Had war been averted, it seems obvious, based on the history of the times, economic developments, the arch of history, that slavery would have, however slowly, died away. So, instead of 600,000 dead, millions crippled, the societal disruptions and decade after decade of social disharmony and suspicion and fear, it probably all would have evolved peaceful and been way, way better for all concerned, especially slaves. We never spend much time on how harsh life became simply cut loose one day from all they'd ever known and then been dumped into full and total responsibility for themselves, their families, in a society that this had been forced on. 

Hell, the south, before the war, was already importing Irish immigrants to do really ####ting jobs because it was cheaper and did not put very valuable slaves at risk. The cotton gin made slavery viable, big time. How long before mechanization would have made slavery impossible to sustain? A generation? Tops?


----------



## nhboy

*The Fog Of War*

_Link_

"It is the story of America as seen through the eyes of the former Secretary of Defense, Robert S. McNamara. One of the most controversial and influential figures in world politics, he takes us on an insider's view of the seminal events of the 20th Century. Why was this past Century the most destructive and deadly in all of human history? Are we doomed to repeat our mistakes? Are we free to make choices, or are we at the mercy of inexorable historical forces and ideologies?

From the firebombing of 100,000 Japanese civilians in Tokyo in 1945 to the brink of nuclear catastrophe during the Cuban missile crisis to the devastating effects of the Vietnam War, The Fog of War examines the psychology and reasoning of the government decision-makers who send men to war. How were decisions made and for what reason? What can we learn from these historical events?

As American forces occupy Iraq and the possibility of additional military conflict looms large, The Fog of War is essential viewing for anyone who wants to understand how the American government justifies the use of military force. Combining extraordinary archival footage, recreations, newly declassified White House recordings, and an original score by the Oscar nominated composer, Philip Glass, the film is a disquieting and powerful essay on war, rationality, and human nature."


----------



## Agee

nhboy said:


> _Link_
> 
> "It is the story of America as seen through the eyes of the former Secretary of Defense, Robert S. McNamara. One of the most controversial and influential figures in world politics, he takes us on an insider's view of the seminal events of the 20th Century.
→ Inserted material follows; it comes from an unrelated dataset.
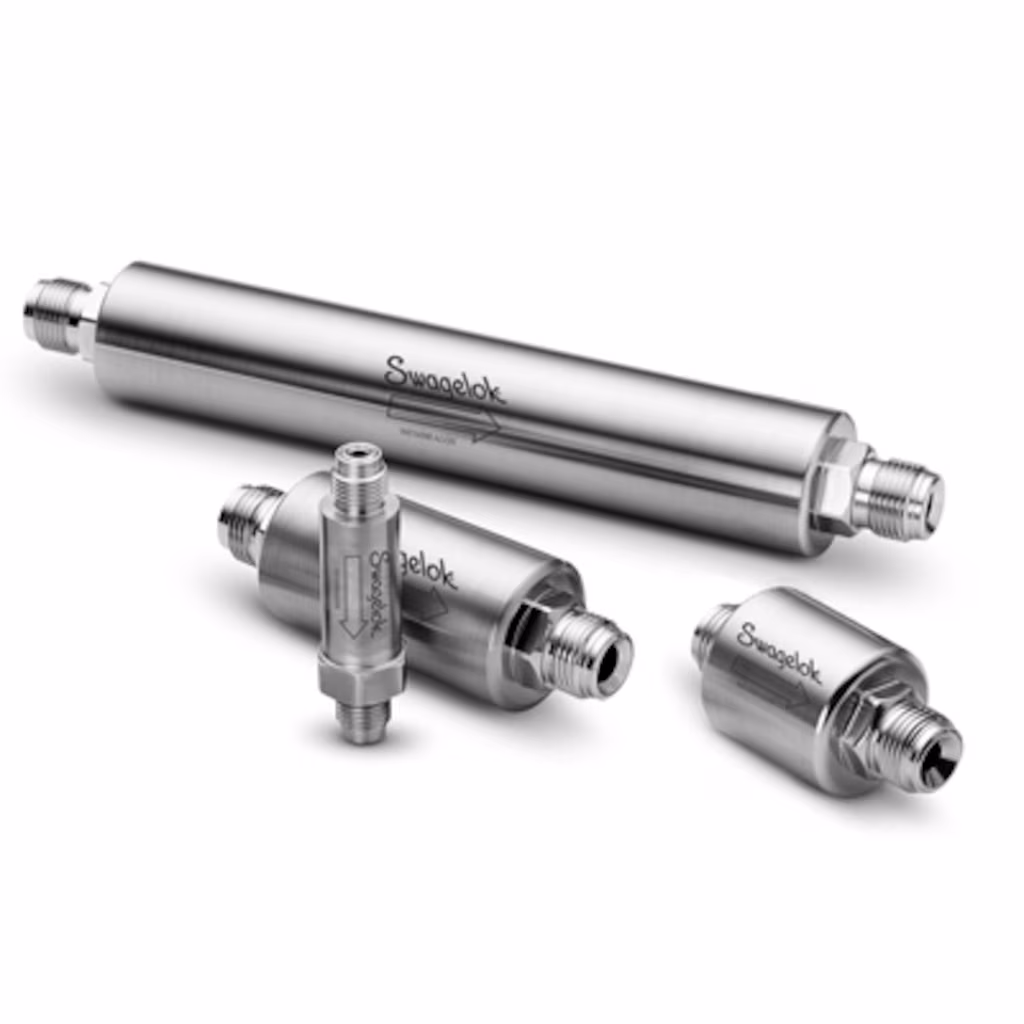 Ultrahigh-Purity Gas Filters Ultrahigh-Purity Gas Filters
Why was this past Century the most destructive and deadly in all of human history? Are we doomed to repeat our mistakes? Are we free to make choices, or are we at the mercy of inexorable historical forces and ideologies?
> 
> From the firebombing of 100,000 Japanese civilians in Tokyo in 1945 to the brink of nuclear catastrophe during the Cuban missile crisis to the devastating effects of the Vietnam War, The Fog of War examines the psychology and reasoning of the government decision-makers who send men to war. How were decisions made and for what reason?* What can we learn from these historical events?*As American forces occupy Iraq and the possibility of additional military conflict looms large, The Fog of War is essential viewing for anyone who wants to understand how the American government justifies the use of military force. Combining extraordinary archival footage, recreations, newly declassified White House recordings, and an original score by the Oscar nominated composer, Philip Glass, the film is a disquieting and powerful essay on war, rationality, and human nature."



That the human race is destined to war! Always has been, always will be...


----------